Activists protest UT land use in front of McRaven’s office

Van Nguyen

Close to 15 pro-environment activists from Environment Texas dressed as zombies and polar bears from a post-global warming world and marched outside UT Chancellor William McRaven’s office Friday asking for cuts to methane emissions from oil and gas companies on land leased by UT in West Texas.

Environment Texas, an environmental advocacy group, hosted the protest, which lasted from 12 to 1 p.m., in hopes of bringing more attention to the methane emission issue. 

According to a report by Environment Texas from fall 2015, as many as 4,132 wells on the University-leased land have been subject to high-volume fracking which Environment Texas considers to be one of the “worst industry practices” due to its negative effects on the environment and public health. 

Director of Environment Texas Luke Metzger said he met with Mark Houser, CEO of the University Lands Office, who shared no interest in advancing the dialogue about decreasing methane emissions.
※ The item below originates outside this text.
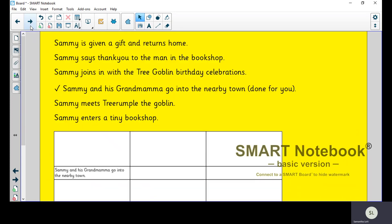You're going to be given these sentences and they're all jumbled up, and you've got to decide which order to put those sentences in. Now this one here with the tick has been done for you. That's the first sentence, which is why it goes underneath the first box there. So you've got to look at the remaining sentences and decide what's going to happen next, and so on, all the way through to the end.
Houser invited the group to visit the lands in West Texas earlier this month.

“We’re happy to [visit the University lands] if they’re interested in starting a dialogue about how they can act on our recommendations and do something to cut the pollution, but thus far they haven’t shown any interest and that’s why we’re really turning our attention to McRaven, [who] oversees University Lands,” Metzger said. 

McRaven had not responded to The Daily Texan at the time this article was published.

Government and history sophomore Juan de Hoyos joined Environment Texas as an intern after signing a petition created to bring attention to the pollution in West Texas. 

“I don’t know [McRaven’s] point of view, but there must be a good reason why he hasn’t said anything [regarding the pollution],” De Hoyos said.

A Student Government resolution calling for McRaven to publicly support cutting the methane emissions in half was passed in September with only three opposing votes.

University Lands manages 2.1 million acres of land in West Texas for the benefit of the Permanent University Fund, which is considered to be one of the largest University endowments in the U.S., benefiting over 20 institutions in the UT and Texas A&M Systems, according to their website. More than half of the land is leased to oil and
gas companies.

In a UT System press release in September, Houser said Environment Texas’ accusations are “unscientific” due to the lack of proper sourcing in their report. He also said in the release that University Lands follows EPA regulations as well as employing additional requirements.

“We go above and beyond what state and federal regulations require because it’s the right thing to do and because we will own these lands forever for the benefit of the state and public higher education,” Houser said in a press release. “Development activity on University Lands, primarily from oil and gas operations, has generated billions of dollars in revenue that, over the years, has and will continue to provide great opportunities at the twenty-plus UT and A&M institutions across the state.”